Lillie Wood walks a visitor through the Daniell family cemetery in Smyrna and remarks about the residents as if introducing them at an outdoor summer social, trying to keep all the names and associations straight.

“This guy who is buried here at one time was the chairman of the school board,” she says, looking hard at the dates on the headstone, then glancing at the name again. “Well, I guess that’s him."

For at least four decades Wood, the wife of Smyrna City Councilman Pete Wood, has been a regular visitor to the 2-acre wooded Daniell cemetery wedged into a back corner of her neighborhood, the Bennett Woods subdivision, off Concord Road. She used to bring her children to the cemetery. They would sit on one of the benches and she'd tell them stories.

“Now my children are in their 40s,” says Wood, who has become Smyrna’s unofficial go-to preservationist. Two years ago she led efforts to restore the Taylor-Brawner House, the 1890 Victorian home of the family that introduced the jonquil flower to the region, which led to the Smyrna nickname, "The Jonquil City.”

Unlike many forgotten or abandoned family cemeteries in Cobb -- they are so numerous the county has a cemetery preservation commission -- the Daniell family cemetery is fenced off, well-tended and active. Still, there’s plenty of work to be done in the graveyard that dates to 1862 and contains more than 230 plots of the Daniell family and descendants.

“Some of these markers are leaning and need to be straightened up and others aren't marked.

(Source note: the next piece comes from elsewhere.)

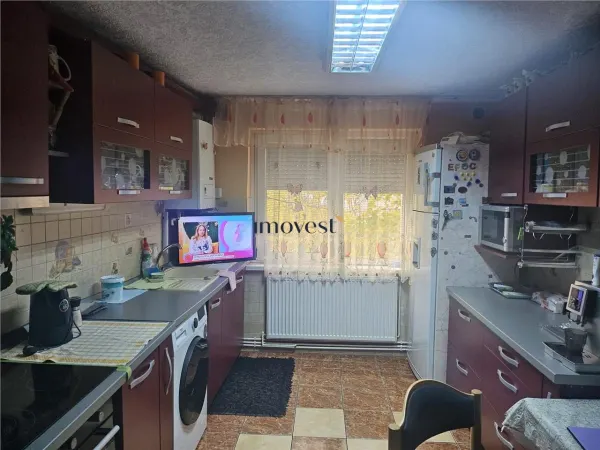Apartament 4 camere Satu Mare - poza 12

We’re not sure who’s buried there,” says Wood. “We have a researcher working on that.”

Two weeks ago Wood organized a volunteer group that spent a day painting the iron fence that surrounds the burial ground. Joe Daniell, a seventh-generation descendant of Robert Daniell, who established the graveyard, said now the challenge is to connect the family history and its Cobb County landmarks to the Civil War.

Robert Daniell built the Concord Covered bridge on Concord Road and the Concord Woolen Mill, which manufactured uniforms for the Confederacy. The mill was destroyed  by Union troops when they marched through Atlanta on their way to the sea in 1864, and was later rebuilt. Its ruins, along with the restored covered bridge, are part of  Heritage Park.

"We're talking to people about including the cemetery and the mill in the 150th anniversary of the Civil War," said Daniell. "It's amazing how many events in that war took place in Cobb County."

Wood said the lure of history, preserving it and connecting the pieces that are scattered and disconnected over time is a challenge in more ways than one.

"It's quite interesting, you can get caught up," she says, showing a guest yet another headstone while telling yet another story. "You have to be careful to stay in the land of the living."